As for containers, im not sure what makes the diference (i dont understand enoght of the format yet), it is a problem to have for both .zstd single files and containers for like .7z and .zip?
it is a problem to have for both .zstd single files and containers for like .7z and .zip?
It is not a problem for .7z too (no idea about .zip right now)... But if you read attentively what I wrote above about, you'd surely consider that it is obviously more complex for the .7z container (to do it properly), because would expect more work and special integration of jump table with .7z container and its solid block, because otherwise it would be almost useless. With other words - what use would you have from the jump table, if it'd not get the reference to particular file or its offset in solid block of 7z container? Moreover I guess the format of 7z-container could be even more suitable than a naive jump table of seekable implementation (which was primary created for single file/stream).

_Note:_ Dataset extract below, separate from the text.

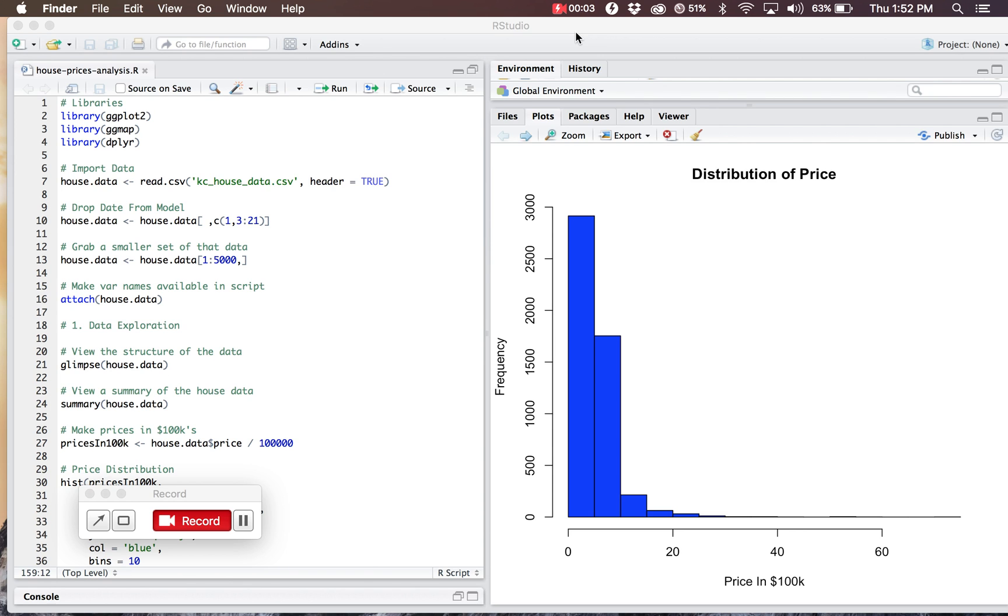I'd like to walk you through my project on housing prices in King County area. It's a county in Washington and it contains popular cities such as Seattle.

Why not use https://peazip.github.io/index.html ?
Why not use https://peazip.github.io/index.html ?
peazip does not support making zstd files with the seekeable frame format. No compressor that i know of support it. The only way to generate zstd file with the seekeable frame format is to use their examples here https://github.com/facebook/zstd/tree/dev/contrib/seekable_format I did try them and they do work. But as expected the resulted compression ratio suffers when using small block sizes and thats the whole point of this. So i can understand why no one bothers to support it as an option.
What peazip do support is creating zips with XZ compression, since zstd was a no-go tried with XZ that was built in random access support, and it is working well, just slow decompression speeds. Unfortunally peazip does not allow selecting xz block size in zips and thats a no-go too :/ it is always something.